▶ **ABOUT THIS TASK**: All of the data that follows should be retyped exactly, please, except the pictures.

▶ **PROVIDED MATERIAL**:
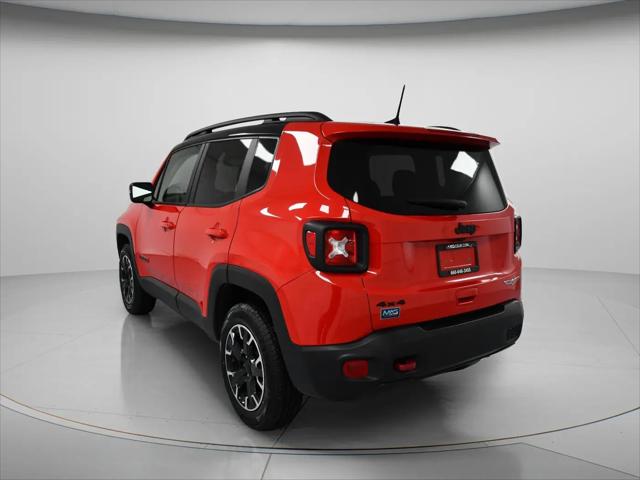 2023 Jeep Renegade Trailhawk 4x4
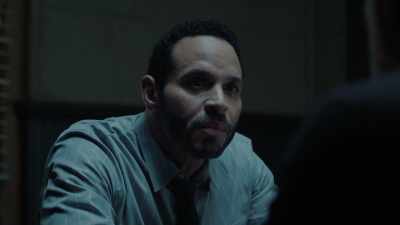 Please, Mr. Ashford,
tell me how to find him. - High Potential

▶ **SOLVED PROBLEM**:
 2023 Jeep Renegade Trailhawk 4x4
 Please, Mr. Ashford,
tell me how to find him. - High Potential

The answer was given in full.